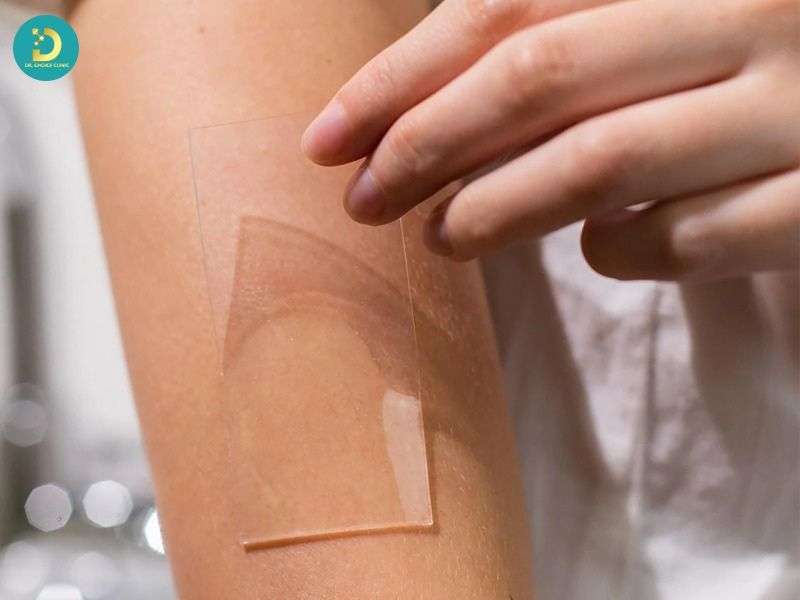 Sẹo Lồi Trắng: Nguyên Nhân & Cách Điều Trị Hiệu Quả 13 Chăm sóc da và giảm sức căng vùng sẹo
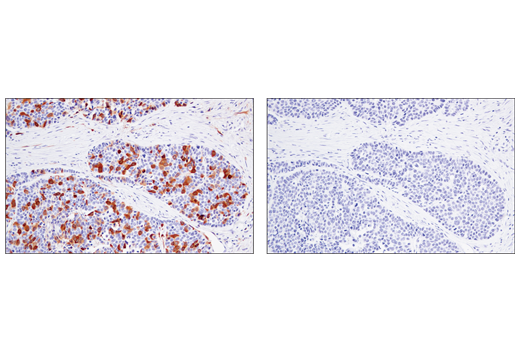 Immunohistochemistry Image 3: RRM2 (E7Y9J) XP® Rabbit mAb (BSA and Azide Free)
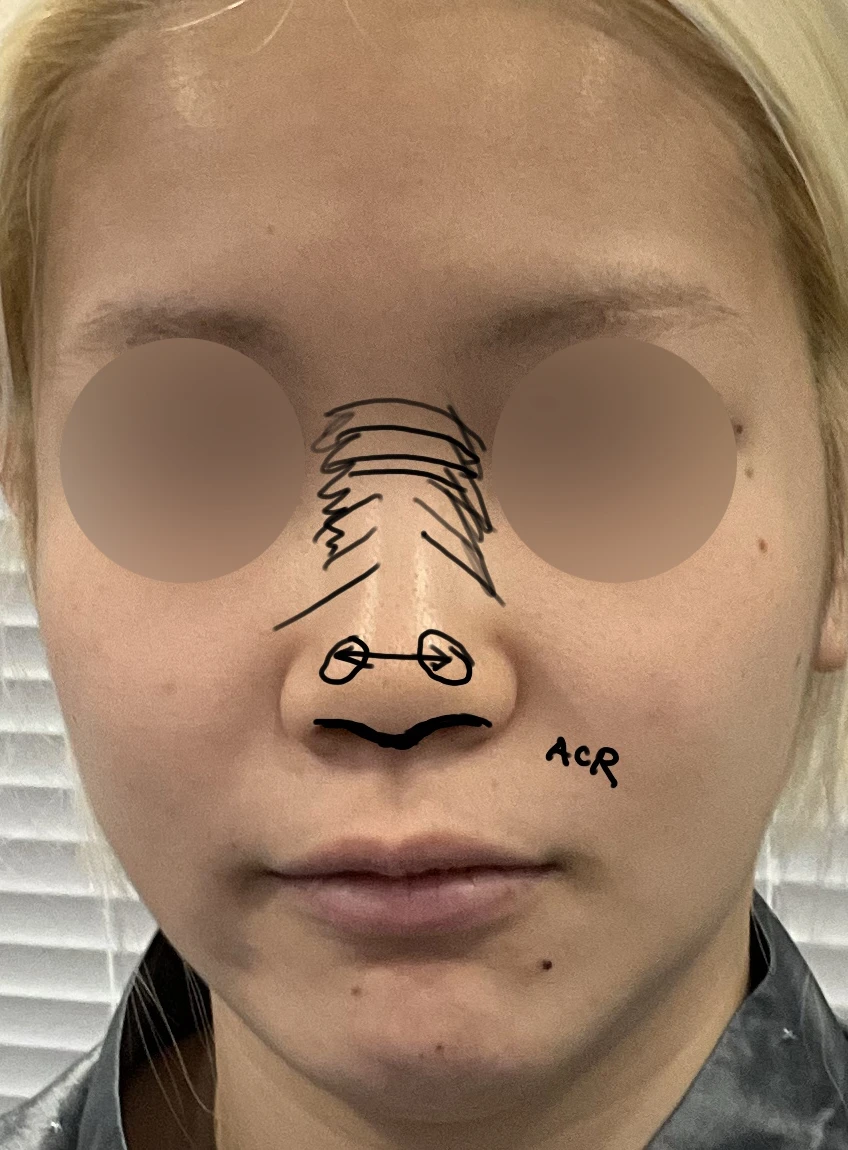 뭉툭한코와 돌출입 개선 방법 — 본문 사진 2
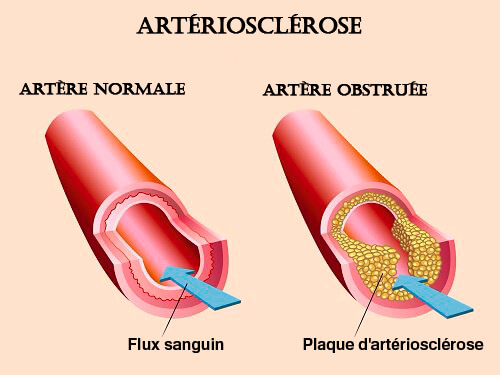 Médicament contre l'artériosclérose et le cholestérol.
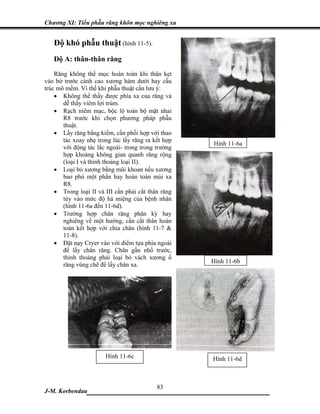 Chương XI: Tiểu phẫu răng khôn mọc nghiêng xa


   Độ khó phẫu thuật (hình 11-5).
   Độ A: thân-thân răng
    Răng không thể mọc hoàn toàn khi thân kẹt
vào bờ trước cành cao xương hàm dưới hay cấu
trúc mô mềm. Vì thế khi phẫu thuật cần lưu ý:
    • Không thể thấy được phía xa của răng và
       dễ thấy viêm lợi trùm.
    • Rạch niêm mạc, bộc lộ toàn bộ mặt nhai
       R8 trước khi chọn phương pháp phẫu
       thuật.
    • Lấy răng bằng kiềm, cần phối hợp với thao
       tác xoay nhẹ trong lúc lấy răng ra kết hợp
                                                    Hình 11-6a
       với động tác lắc ngoài- trong trong trường
       hợp khoảng không gian quanh răng rộng
       (loại I và thỉnh thoảng loại II).
    • Loại bỏ xương bằng mũi khoan nếu xương
       bao phủ một phần hay hoàn toàn múi xa
       R8.
    • Trong loại II và III cần phải cắt thân răng
       tùy vào mức độ há miệng của bệnh nhân
       (hình 11-6a đến 11-6d).
    • Trường hợp chân răng phân kỳ hay
       nghiêng về một hướng, cần cắt thân hoàn
       toàn kết hợp với chia chân (hình 11-7 &
       11-8).
    • Đặt nạy Cryer vào với điểm tựa phía ngoài
       để lấy chân răng. Chân gần nhổ trước,
       thỉnh thoảng phải loại bỏ vách xương ổ
                                                    Hình 11-6b
       răng vùng chẽ để lấy chân xa.




                       Hình 11-6c                   Hình 11-6d



                             83
J-M. Korbendau  ___________________________________
 
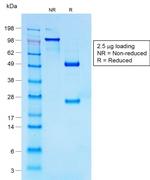 CD30/TNFRSF8 (Hodgkin and Reed-Sternberg Cell Marker) Antibody in SDS-PAGE (SDS-PAGE)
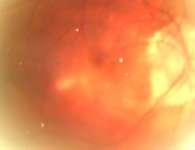 myopic macular hole based on
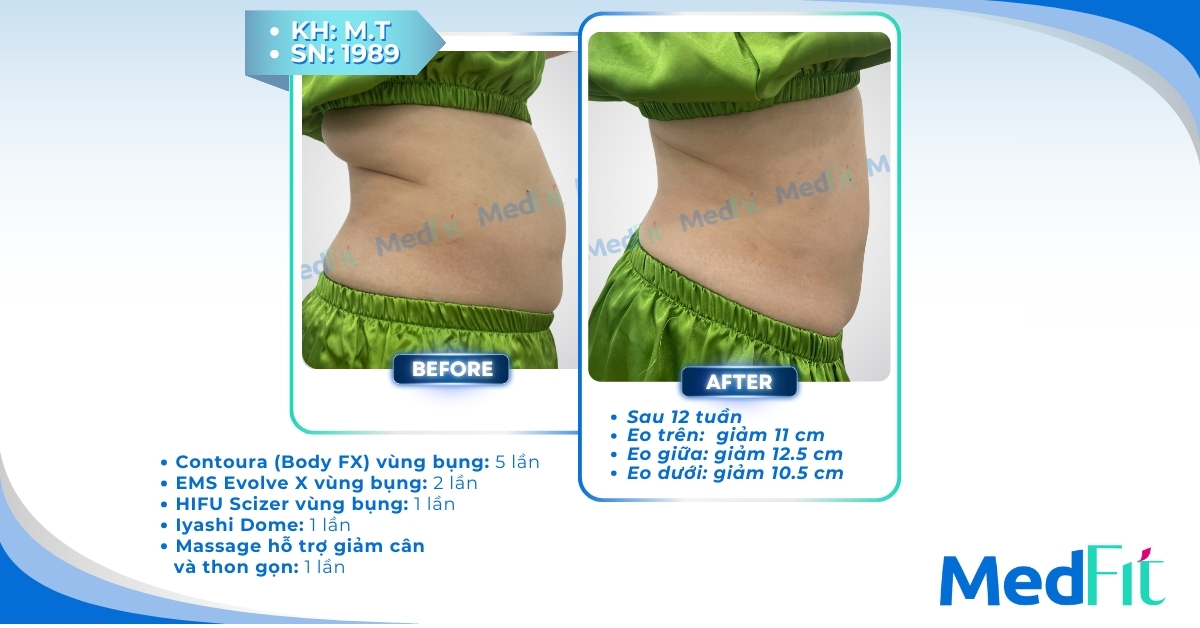 cls giảm mỡ bụng tại medfit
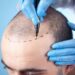 Find the Best Hair Transplant Clinics Near You: Expert Ratings and Reviews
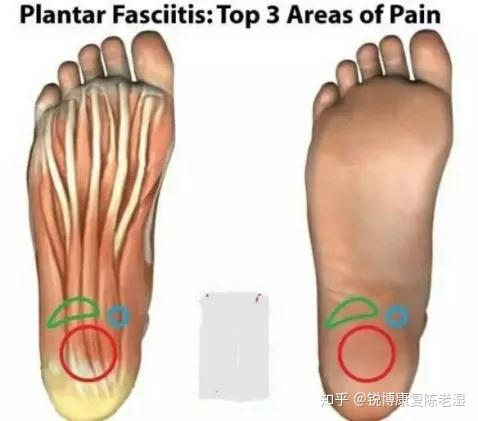 扁平足才懂的痛 足底筋膜炎 知乎
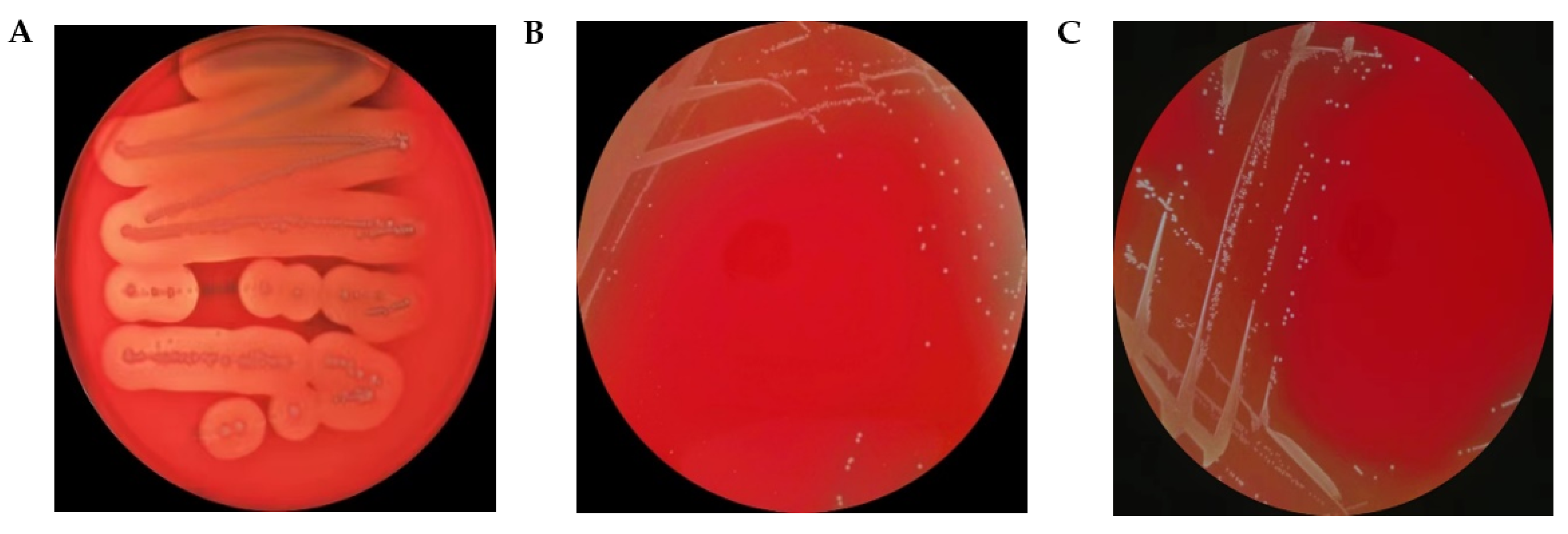 Microorganisms 11 01620 g002 Microorganisms 11 01620 g002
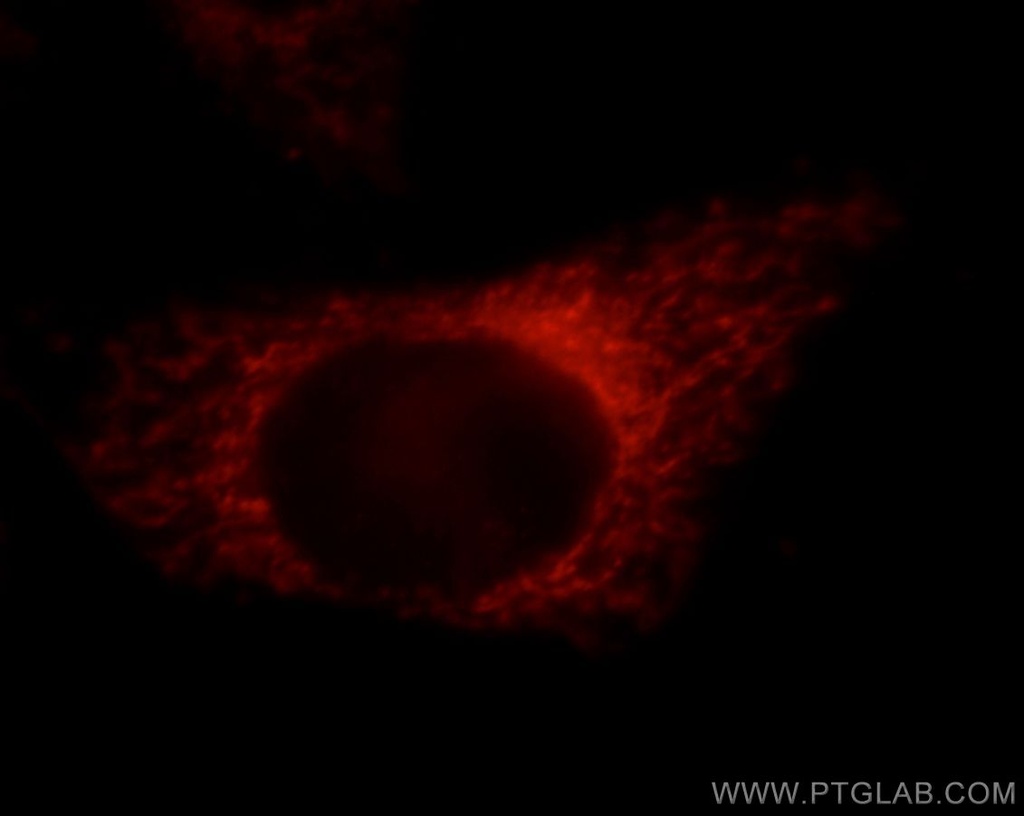 PDXDC1 Polyclonal antibody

**Exercise**
Pull every line containing "ngoài" out of the material and copy it.

**Exercise solution**
       với động tác lắc ngoài- trong trong trường
    • Đặt nạy Cryer vào với điểm tựa phía ngoài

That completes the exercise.